Bernat pulou de pé e pegou seus tanques. Em minutos, estava na água. Com um único cordão branco para seguir, ele avançou pelo labirinto subterrâneo diretamente até a câmara onde estava Xisco.

Devo estar bem perto, pensou Bernat, depois de cerca de uma hora debaixo d’água. A prioridade agora era verificar se Xisco estava vivo e que tipo de missão de resgate seria aquela, afinal.

Este será meu túmulo, pensou Xisco. 

Mais uma vez, ele ouviu o som de bolhas, como um mergulhador emergindo. Então uma luz começou a dançar no teto da caverna.

– Xisco, Xisco! – ouviu chamarem e virou a cabeça. Então viu o amigo Bernat, escorrendo água e andando em sua direção. Os dois se abraçaram.

– Guillem está morto, não está? – Não, está vivo, à sua espera na superfície! – disse Bernat.

Ele deu a Xisco um pouco de gel energético de glicose, e os dois conversaram até Bernat ter certeza de que o amigo estava em condição de fazer o percurso de volta.

– Vou retornar para avisar que você está vivo. Os próximos mergulhadores lhe trarão ar e o tirarão daqui – explicou Bernat. – Pode esperar mais um pouco?

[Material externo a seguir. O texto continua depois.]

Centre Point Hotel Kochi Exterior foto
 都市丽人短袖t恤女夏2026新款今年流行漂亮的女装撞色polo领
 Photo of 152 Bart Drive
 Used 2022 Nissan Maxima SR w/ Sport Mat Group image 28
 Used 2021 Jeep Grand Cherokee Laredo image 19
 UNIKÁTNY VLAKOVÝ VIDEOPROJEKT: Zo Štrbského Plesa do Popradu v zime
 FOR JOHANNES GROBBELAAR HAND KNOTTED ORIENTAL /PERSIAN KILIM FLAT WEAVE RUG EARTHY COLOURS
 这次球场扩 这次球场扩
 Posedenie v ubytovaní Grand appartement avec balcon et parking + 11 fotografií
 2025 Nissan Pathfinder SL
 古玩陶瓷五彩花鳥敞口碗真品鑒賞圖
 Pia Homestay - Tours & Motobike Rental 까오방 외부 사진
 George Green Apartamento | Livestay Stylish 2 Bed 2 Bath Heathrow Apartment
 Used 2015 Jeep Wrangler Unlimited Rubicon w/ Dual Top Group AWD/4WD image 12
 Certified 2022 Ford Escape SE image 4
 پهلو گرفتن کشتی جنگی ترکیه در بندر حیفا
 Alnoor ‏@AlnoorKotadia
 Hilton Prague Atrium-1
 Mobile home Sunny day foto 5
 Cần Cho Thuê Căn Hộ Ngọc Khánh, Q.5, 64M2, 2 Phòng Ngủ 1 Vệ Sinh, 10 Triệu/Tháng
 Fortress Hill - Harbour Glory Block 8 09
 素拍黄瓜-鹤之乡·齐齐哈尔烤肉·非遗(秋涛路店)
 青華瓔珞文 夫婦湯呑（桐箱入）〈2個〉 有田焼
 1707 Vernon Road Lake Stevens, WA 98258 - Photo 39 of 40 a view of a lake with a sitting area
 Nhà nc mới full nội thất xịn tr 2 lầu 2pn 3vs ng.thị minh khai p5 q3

– Agora que sei que estou salvo, posso esperar o dia todo! – disse Xisco.

Quatro horas depois, por volta das 20 horas de segunda-feira, Hilari Moreno Moya e Enrique Ballesteros, ambos amigos de Xisco, emergiram na caverna.

Eles levaram tanques cheios de Nitrox, gás que tem o dobro de oxigênio do ar comum. Xisco inspirou a mistura potente e sentiu o corpo voltar à vida. A cabeça começou a clarear, e ele conseguiu inspirar profundamente pela primeira vez em 58 horas.

Xisco sorriu para os dois amigos.

– Estou pronto para ir.

Sessenta horas depois de entrar na Cova de Sa Piqueta, às 23h10 da segunda-feira, Xisco saiu andando sem ajuda da boca da caverna. Os vivas alegres da multidão o receberam.

Guillem, que estava entre os que esperavam, abriu um sorriso ao ver Xisco. Ele estava vivo!

Homenagem

Uma tradição do Grup Nord é que o primeiro mergulhador a explorar uma nova caverna pode batizá-la. Hoje, a câmara onde Xisco e Guillem se refugiaram é chamada de Sala dos Três Milagres, nome dado por Xisco. O primeiro milagre foi Xisco ter encontrado uma câmara com ar. O segundo, ter sobrevivido com tanto dióxido de carbono. E o terceiro, ter sido capaz de escapar com vida dessa situação apavorante.